Task item: Look through the entries below and extract exactly the lines from the one containing "LG UX310 User manual" through the one containing "I Love my Sealyham", ends included.

::: Records for the exercise :::

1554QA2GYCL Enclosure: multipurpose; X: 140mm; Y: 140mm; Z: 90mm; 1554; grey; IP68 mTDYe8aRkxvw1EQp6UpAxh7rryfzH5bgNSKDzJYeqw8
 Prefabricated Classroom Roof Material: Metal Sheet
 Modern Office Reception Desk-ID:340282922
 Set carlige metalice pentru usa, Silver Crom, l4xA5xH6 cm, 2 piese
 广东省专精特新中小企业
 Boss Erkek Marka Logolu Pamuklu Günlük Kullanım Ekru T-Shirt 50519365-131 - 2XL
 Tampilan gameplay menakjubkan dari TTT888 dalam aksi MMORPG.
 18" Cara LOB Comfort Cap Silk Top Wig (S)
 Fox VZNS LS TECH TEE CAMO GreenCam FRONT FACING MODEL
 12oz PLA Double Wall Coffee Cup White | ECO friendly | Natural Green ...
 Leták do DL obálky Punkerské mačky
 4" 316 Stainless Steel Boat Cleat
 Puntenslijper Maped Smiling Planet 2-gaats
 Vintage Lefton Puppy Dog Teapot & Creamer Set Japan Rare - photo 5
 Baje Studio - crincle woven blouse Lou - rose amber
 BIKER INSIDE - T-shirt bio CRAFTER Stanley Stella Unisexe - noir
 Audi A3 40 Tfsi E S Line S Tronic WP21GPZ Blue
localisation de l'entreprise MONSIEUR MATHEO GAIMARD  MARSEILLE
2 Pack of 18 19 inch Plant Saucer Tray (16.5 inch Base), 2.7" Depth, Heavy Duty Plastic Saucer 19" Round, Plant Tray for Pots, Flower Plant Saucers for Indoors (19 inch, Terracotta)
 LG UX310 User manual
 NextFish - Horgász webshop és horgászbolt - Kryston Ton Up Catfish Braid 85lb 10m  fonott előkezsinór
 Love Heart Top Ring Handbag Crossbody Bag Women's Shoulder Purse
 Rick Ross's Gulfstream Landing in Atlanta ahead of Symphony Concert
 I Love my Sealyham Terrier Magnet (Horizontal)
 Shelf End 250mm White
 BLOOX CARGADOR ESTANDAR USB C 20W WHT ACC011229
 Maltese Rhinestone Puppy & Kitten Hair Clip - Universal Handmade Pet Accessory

:::

Written solution:
 LG UX310 User manual
 NextFish - Horgász webshop és horgászbolt - Kryston Ton Up Catfish Braid 85lb 10m  fonott előkezsinór
 Love Heart Top Ring Handbag Crossbody Bag Women's Shoulder Purse
 Rick Ross's Gulfstream Landing in Atlanta ahead of Symphony Concert
 I Love my Sealyham Terrier Magnet (Horizontal)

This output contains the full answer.